Continuing on from the equation for \(Y_{ij}\), let us denote the mean for the \(i\)-th group as \(\overline{Y_i}\), and the overall mean of all observations as \(\overline{\overline{Y}}\). We can then write the deviation of an individual observation from the overall mean as:
\[ Y_{ij} - \overline{\overline{Y}} = \underbrace{(Y_{ij} - \overline{Y_i})}_{\text{within}} + \underbrace{(\overline{Y_i} - \overline{\overline{Y}})}_{\text{between}} \]
The first term on the right of the above equation is an indication of within-group variability. The second term on the right is an indication of between-group variability. The intuition behind the ANOVA procedure is that if the between-group variability is large and the within-group variability is small, then we have evidence that the group means are different.
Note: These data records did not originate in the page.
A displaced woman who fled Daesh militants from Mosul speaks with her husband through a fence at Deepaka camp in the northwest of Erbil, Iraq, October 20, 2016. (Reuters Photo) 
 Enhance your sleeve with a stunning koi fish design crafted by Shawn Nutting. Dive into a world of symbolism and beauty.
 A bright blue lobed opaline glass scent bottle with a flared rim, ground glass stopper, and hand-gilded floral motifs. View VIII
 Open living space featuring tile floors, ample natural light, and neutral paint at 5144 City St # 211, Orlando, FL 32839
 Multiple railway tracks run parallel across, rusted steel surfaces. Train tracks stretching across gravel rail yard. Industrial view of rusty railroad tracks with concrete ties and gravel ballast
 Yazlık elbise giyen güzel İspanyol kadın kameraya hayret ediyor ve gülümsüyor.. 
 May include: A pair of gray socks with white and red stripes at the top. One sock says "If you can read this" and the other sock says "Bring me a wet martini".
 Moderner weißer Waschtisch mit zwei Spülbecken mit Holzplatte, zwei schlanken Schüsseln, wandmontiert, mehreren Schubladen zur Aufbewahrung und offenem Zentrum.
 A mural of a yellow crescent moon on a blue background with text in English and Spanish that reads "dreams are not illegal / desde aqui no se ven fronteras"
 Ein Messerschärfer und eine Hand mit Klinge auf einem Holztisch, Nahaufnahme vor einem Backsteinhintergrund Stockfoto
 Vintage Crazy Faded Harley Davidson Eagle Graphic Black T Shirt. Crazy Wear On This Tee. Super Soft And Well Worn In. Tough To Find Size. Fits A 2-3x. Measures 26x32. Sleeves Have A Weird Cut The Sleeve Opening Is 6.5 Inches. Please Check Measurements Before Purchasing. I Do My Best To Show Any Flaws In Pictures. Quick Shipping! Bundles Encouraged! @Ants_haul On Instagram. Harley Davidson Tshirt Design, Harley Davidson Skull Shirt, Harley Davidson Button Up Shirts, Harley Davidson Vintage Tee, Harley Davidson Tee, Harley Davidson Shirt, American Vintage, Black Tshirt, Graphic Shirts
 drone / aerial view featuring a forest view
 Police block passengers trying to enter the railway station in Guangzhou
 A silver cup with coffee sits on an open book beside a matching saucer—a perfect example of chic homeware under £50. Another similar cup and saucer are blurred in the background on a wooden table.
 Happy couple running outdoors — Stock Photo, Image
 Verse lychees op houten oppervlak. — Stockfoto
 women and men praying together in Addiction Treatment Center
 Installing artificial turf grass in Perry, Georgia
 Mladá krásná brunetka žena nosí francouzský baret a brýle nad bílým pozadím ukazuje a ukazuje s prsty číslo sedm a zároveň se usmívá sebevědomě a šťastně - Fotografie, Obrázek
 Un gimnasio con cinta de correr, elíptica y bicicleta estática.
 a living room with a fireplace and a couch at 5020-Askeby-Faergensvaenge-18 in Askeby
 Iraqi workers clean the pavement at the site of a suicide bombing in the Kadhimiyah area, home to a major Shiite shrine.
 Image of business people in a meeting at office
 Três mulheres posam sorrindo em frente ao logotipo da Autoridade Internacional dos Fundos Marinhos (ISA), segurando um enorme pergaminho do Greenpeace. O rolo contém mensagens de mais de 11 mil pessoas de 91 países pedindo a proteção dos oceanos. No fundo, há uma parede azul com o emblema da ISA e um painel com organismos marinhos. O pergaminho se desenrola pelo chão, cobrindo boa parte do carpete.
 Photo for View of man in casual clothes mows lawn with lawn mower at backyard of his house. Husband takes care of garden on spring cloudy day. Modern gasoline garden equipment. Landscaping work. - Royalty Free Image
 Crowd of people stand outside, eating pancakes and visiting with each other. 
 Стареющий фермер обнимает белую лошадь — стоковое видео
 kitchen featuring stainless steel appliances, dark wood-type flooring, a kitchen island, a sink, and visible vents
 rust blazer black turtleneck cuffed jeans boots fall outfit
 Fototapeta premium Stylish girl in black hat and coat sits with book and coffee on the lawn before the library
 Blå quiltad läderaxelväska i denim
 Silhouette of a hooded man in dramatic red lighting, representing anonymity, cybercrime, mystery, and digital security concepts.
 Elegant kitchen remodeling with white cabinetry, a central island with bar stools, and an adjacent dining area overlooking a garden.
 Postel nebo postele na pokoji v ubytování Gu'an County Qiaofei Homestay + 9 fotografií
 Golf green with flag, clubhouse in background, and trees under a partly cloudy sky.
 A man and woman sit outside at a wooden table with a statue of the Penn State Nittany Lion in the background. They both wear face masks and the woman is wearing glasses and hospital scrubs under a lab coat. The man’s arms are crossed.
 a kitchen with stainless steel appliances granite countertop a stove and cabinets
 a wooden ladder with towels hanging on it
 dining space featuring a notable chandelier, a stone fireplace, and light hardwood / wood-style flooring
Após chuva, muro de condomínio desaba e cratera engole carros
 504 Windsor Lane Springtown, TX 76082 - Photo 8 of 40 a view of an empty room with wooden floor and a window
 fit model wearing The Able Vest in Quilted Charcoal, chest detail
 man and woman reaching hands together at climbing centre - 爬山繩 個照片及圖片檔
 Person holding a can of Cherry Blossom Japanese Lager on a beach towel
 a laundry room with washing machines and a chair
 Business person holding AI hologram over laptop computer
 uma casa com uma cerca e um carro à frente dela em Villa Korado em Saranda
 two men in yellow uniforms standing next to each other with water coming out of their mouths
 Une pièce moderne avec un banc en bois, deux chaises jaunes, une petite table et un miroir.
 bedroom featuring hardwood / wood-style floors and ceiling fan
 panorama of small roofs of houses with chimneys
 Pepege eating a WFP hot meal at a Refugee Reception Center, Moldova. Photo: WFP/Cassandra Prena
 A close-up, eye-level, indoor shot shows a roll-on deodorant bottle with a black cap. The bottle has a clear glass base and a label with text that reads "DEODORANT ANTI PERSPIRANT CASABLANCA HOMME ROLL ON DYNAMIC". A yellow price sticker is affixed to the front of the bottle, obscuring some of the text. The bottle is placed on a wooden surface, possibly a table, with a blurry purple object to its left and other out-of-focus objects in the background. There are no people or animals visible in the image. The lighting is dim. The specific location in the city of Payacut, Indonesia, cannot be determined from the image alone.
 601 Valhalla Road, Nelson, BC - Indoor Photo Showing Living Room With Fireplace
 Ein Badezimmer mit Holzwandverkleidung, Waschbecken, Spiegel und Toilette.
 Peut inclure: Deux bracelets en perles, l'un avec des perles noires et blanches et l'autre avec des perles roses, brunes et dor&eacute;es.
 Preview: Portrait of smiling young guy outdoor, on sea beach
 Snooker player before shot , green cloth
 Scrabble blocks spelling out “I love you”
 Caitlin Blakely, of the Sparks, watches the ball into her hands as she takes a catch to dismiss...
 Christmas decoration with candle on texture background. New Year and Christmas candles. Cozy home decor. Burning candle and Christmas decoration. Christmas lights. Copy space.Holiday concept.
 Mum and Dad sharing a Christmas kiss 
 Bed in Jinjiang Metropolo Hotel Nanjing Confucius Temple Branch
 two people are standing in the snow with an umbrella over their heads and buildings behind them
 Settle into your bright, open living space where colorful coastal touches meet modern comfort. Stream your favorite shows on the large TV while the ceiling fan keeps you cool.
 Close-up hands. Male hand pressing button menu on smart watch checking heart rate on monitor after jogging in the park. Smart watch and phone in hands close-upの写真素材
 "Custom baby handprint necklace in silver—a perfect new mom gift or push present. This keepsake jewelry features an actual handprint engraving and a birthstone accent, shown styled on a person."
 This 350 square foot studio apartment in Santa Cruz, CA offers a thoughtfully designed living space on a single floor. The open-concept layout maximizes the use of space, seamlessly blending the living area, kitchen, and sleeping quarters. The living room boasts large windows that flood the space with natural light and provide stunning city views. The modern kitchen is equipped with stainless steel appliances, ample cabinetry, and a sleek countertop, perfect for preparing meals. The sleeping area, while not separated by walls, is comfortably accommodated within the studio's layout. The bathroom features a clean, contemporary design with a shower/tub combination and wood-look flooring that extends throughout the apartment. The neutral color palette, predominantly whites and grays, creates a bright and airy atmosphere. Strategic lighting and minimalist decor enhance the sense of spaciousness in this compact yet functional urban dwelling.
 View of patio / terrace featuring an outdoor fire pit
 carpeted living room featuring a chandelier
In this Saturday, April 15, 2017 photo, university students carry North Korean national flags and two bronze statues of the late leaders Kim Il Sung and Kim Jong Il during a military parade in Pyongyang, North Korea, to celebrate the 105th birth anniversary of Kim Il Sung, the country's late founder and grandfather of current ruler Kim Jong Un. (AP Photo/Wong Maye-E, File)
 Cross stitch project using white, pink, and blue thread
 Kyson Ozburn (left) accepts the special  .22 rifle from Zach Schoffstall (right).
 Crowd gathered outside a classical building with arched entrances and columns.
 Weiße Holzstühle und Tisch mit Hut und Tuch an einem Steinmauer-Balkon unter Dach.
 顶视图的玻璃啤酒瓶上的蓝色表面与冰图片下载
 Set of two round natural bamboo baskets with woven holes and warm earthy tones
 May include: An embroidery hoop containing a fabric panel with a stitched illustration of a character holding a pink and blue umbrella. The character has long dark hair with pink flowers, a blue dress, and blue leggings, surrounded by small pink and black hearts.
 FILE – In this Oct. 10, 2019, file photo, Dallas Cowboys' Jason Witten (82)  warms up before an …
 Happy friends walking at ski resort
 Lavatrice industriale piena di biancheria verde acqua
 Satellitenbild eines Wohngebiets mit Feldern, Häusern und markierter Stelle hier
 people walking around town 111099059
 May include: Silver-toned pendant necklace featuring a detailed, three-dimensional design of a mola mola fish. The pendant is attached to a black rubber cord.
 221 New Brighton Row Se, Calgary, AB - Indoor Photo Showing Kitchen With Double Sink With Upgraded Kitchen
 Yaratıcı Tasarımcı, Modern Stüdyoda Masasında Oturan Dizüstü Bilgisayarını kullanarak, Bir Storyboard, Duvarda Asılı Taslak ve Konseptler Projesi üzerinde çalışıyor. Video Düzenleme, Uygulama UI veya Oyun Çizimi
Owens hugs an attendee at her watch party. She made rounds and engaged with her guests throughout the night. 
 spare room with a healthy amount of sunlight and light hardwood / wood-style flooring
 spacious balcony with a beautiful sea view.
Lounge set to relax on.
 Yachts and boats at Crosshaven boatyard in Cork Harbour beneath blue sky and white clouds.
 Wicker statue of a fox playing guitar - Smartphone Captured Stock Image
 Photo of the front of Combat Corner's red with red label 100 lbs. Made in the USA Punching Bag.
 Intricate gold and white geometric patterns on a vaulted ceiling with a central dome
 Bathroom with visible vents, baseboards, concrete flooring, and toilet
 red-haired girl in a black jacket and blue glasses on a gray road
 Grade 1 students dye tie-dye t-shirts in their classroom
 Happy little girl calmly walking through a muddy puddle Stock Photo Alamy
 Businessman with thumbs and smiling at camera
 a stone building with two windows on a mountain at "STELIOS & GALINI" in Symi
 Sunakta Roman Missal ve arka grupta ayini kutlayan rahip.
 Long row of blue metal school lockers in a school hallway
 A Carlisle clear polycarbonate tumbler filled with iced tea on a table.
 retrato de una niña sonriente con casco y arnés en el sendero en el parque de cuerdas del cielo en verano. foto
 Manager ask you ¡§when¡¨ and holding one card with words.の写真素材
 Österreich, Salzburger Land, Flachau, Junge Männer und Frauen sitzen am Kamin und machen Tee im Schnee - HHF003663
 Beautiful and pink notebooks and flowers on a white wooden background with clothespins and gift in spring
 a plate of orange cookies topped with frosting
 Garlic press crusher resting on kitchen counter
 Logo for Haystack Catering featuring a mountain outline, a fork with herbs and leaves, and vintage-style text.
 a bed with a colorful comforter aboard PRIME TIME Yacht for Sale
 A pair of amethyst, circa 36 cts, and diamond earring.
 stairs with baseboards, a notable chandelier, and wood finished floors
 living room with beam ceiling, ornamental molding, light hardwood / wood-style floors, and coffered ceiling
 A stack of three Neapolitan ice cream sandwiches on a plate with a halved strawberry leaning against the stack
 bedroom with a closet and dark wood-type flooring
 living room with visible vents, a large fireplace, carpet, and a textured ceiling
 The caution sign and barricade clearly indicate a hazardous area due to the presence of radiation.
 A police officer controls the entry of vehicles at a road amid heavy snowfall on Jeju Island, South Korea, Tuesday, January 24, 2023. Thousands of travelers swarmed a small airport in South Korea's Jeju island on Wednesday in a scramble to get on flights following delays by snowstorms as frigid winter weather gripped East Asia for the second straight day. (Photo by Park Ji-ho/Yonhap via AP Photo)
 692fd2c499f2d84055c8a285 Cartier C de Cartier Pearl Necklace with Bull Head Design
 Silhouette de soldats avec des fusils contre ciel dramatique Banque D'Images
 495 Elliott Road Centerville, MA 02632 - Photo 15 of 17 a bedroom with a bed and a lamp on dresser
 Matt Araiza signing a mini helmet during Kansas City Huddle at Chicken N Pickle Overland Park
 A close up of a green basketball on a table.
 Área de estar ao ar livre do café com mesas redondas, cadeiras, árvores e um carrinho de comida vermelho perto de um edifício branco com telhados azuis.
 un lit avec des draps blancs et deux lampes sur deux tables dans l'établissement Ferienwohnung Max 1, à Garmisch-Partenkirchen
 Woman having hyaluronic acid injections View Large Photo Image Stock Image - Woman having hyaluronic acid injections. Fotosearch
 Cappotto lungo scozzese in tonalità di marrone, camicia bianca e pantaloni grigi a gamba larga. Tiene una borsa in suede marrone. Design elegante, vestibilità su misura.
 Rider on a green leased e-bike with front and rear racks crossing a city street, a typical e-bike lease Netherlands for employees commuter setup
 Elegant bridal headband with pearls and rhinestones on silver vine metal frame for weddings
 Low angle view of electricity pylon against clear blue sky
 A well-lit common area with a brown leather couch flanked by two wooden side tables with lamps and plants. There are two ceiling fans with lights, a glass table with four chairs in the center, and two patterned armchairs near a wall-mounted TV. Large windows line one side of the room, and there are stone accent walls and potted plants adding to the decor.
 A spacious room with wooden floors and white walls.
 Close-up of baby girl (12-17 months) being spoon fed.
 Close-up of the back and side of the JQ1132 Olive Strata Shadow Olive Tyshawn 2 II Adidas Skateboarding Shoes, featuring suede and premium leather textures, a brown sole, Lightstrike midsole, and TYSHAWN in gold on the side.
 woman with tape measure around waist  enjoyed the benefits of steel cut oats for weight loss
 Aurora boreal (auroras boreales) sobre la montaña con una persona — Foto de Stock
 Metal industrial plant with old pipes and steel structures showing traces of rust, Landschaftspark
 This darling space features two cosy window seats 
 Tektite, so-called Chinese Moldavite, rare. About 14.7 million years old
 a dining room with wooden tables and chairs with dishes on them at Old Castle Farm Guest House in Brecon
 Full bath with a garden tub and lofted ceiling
If we square both sides of the above equation and sum over all observations, we arrive at the following equation; the essence of ANOVA:
\[ \sum_{i=1}^k \sum_{j=1}^{n_i} \left( Y_{ij} - \overline{\overline{Y}} \right)^2 = \sum_{i=1}^k \sum_{j=1}^{n_i} \left( Y_{ij} - \overline{Y_i} \right)^2 + \sum_{i=1}^k \sum_{j=1}^{n_i} \left( \overline{Y_i} - \overline{\overline{Y}} \right)^2 \]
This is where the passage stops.